As has happened for the past several months, the unemployment rate dropped as much because of the number of people who gave up looking for work and thus were no longer considered officially unemployed. I.e., the improvement occurred not because of a wholesale jump in hiring, but rather because so many people dropped out of the system. Here is a simple example of how the unemployment rate can improve as the number of persons not in the labor force rises: If there are 10 unemployed people out of a workforce of 100, the unemployment rate would be 10 percent. If one of those 10 unemployed people stops looking for work the BLS says there are nine unemployed people in a workforce of 99; the new unemployment rate would be 9.1 percent, an improvement from the original 10 percent. If population growth adds two new people to the workforce, and one of the two finds a newly created job, there are now 10 people unemployed in a workforce of 101; the unemployment rate becomes 9.9 percent – still better than the original 10 percent.

Nearly 6.3 million people were not counted as being in the labor force, but would like a job now.
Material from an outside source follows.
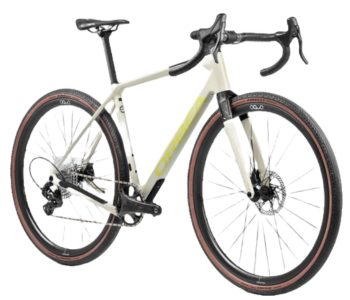BICICLETAS GRAVEL ORBEA​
Also, the total number of persons not considered part of the labor force remained at a near-record 86.0 million.

Other discouraging aspects of the report included a civilian labor force participation rate that remained unchanged at 64.2 percent (a 27-year low) while the annual percentage increase in average hourly earnings of production and non-supervisory employees fell below 2 percent -- the slowest pace of growth since 2Q2004.